#### Work instructions
In the data below, find the line with "Peserico Green V-Neck Sleeveless Midi Dress" and output it along with every later line, exactly, but not the pictures.

#### Recorded information

════════════════

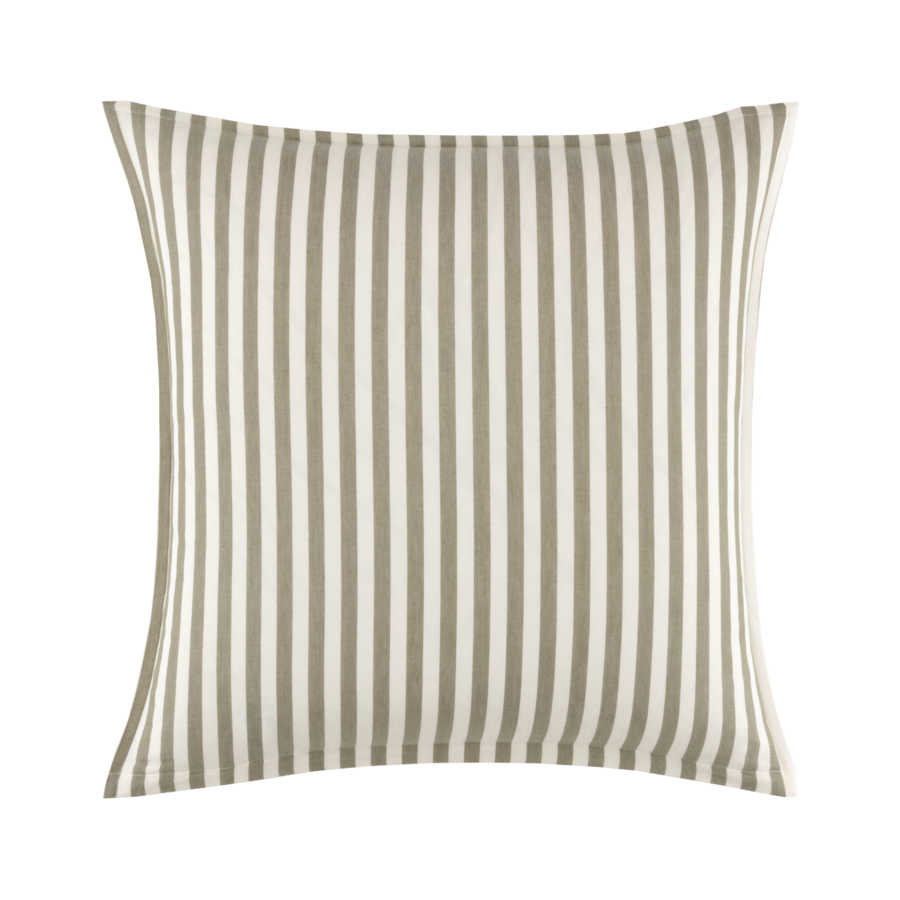Coussin carré à rayures beiges et blanches avec côtés arrondis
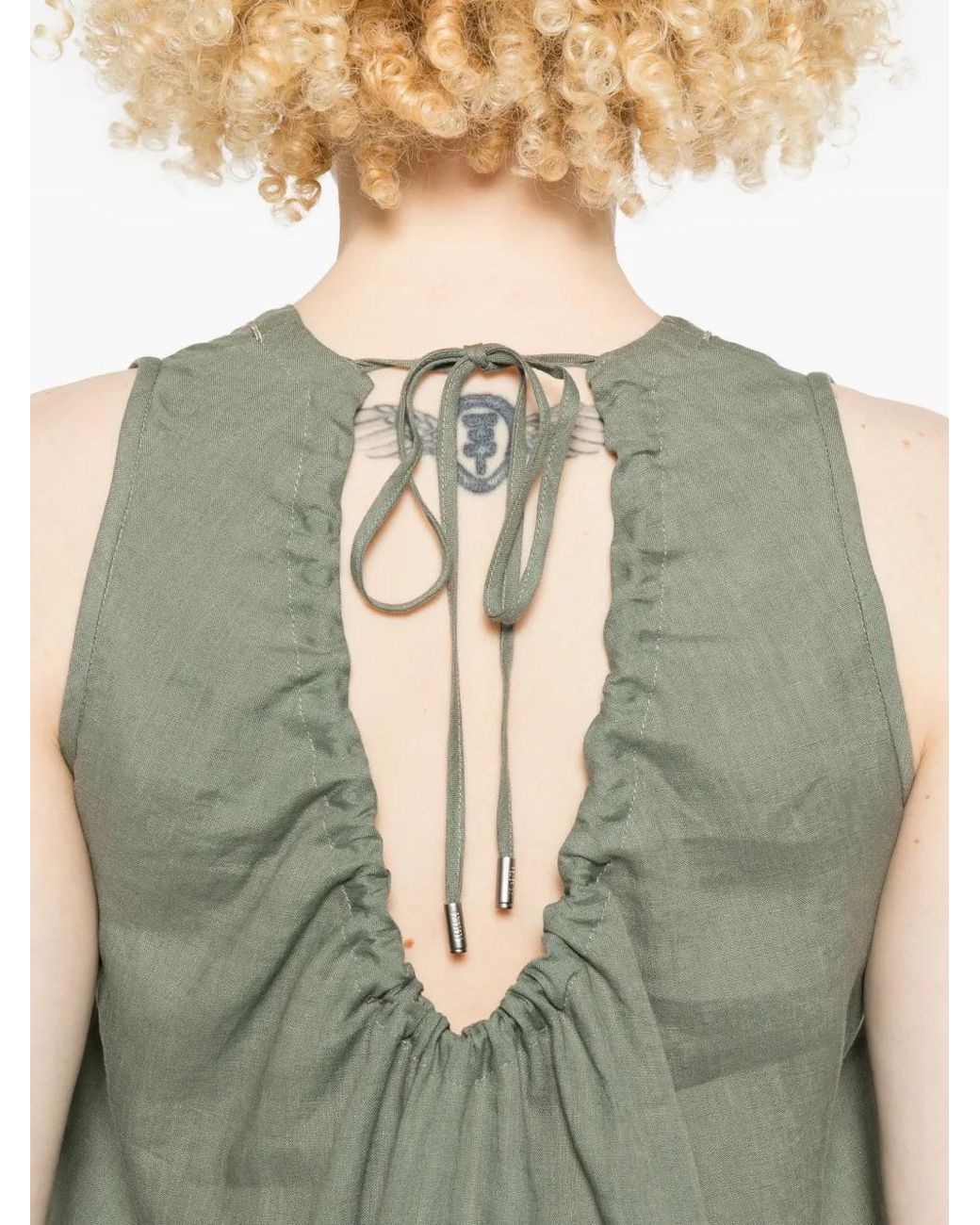 Peserico Green V-Neck Sleeveless Midi Dress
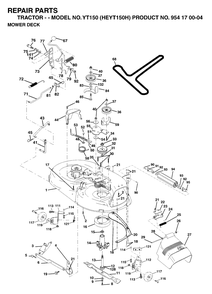 Mower Deck / Cutting Deck Diagram and Parts List for YT150 (954170004-H)(1996-01) Husqvarna Lawn Tractor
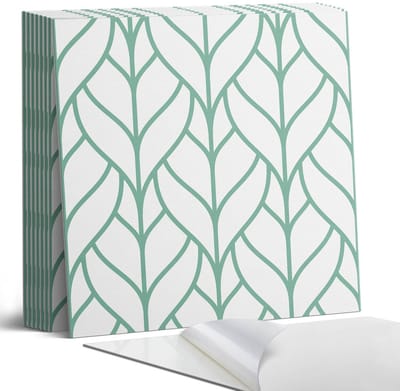 Coloray Plaktegels - Bladpatroon in symmetrie Portugese Tegels - 30 cm x 30 cm - Turkoois Plaktegels - 9 stuks - Vierkant PVC Tegels - Plaktegels Keuken - Zelfklevende Vloertegels - Vinyl Tegels - Zelfklevende Tegels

════════════════

#### Solution for this problem
 Peserico Green V-Neck Sleeveless Midi Dress
 Mower Deck / Cutting Deck Diagram and Parts List for YT150 (954170004-H)(1996-01) Husqvarna Lawn Tractor
 Coloray Plaktegels - Bladpatroon in symmetrie Portugese Tegels - 30 cm x 30 cm - Turkoois Plaktegels - 9 stuks - Vierkant PVC Tegels - Plaktegels Keuken - Zelfklevende Vloertegels - Vinyl Tegels - Zelfklevende Tegels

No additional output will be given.